___ Supplied entries

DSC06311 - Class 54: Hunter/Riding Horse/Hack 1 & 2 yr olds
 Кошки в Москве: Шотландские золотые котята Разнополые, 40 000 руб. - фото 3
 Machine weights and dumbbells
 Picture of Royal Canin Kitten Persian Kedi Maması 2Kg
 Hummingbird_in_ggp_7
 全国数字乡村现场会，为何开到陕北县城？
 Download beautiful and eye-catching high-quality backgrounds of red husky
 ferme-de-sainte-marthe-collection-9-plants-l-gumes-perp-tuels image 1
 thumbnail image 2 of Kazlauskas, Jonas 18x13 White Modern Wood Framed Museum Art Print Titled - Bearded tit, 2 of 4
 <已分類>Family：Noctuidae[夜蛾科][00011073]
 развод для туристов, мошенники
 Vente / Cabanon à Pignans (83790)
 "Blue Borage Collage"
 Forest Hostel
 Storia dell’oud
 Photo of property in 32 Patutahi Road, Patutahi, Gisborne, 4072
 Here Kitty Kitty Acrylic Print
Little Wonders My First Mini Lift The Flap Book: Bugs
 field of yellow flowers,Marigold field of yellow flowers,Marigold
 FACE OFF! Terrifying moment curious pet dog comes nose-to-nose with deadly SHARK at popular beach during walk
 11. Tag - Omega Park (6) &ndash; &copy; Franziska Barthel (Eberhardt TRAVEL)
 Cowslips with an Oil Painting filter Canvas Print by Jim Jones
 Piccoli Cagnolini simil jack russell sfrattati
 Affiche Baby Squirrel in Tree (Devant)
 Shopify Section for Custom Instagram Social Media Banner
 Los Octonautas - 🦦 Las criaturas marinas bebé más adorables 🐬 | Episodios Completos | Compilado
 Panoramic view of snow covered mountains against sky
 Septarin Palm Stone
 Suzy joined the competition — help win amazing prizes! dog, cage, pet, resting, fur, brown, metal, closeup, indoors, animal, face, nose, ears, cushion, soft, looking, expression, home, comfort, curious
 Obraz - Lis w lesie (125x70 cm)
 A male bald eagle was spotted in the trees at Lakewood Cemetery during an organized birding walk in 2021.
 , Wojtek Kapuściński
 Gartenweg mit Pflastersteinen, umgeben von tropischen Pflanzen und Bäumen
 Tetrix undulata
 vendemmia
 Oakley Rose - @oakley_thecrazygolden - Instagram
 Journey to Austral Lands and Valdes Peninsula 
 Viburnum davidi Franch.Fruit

______

# [Brief]
Transcribe, exactly and without additions, the lines of the records above, beginning with the line that contains "Hummingbird_in_ggp_7" and ending with the line that contains "field of yellow flowers,Marigold field", both included.

# [Exercise solution]
 Hummingbird_in_ggp_7
 全国数字乡村现场会，为何开到陕北县城？
 Download beautiful and eye-catching high-quality backgrounds of red husky
 ferme-de-sainte-marthe-collection-9-plants-l-gumes-perp-tuels image 1
 thumbnail image 2 of Kazlauskas, Jonas 18x13 White Modern Wood Framed Museum Art Print Titled - Bearded tit, 2 of 4
 <已分類>Family：Noctuidae[夜蛾科][00011073]
 развод для туристов, мошенники
 Vente / Cabanon à Pignans (83790)
 "Blue Borage Collage"
 Forest Hostel
 Storia dell’oud
 Photo of property in 32 Patutahi Road, Patutahi, Gisborne, 4072
 Here Kitty Kitty Acrylic Print
Little Wonders My First Mini Lift The Flap Book: Bugs
 field of yellow flowers,Marigold field of yellow flowers,Marigold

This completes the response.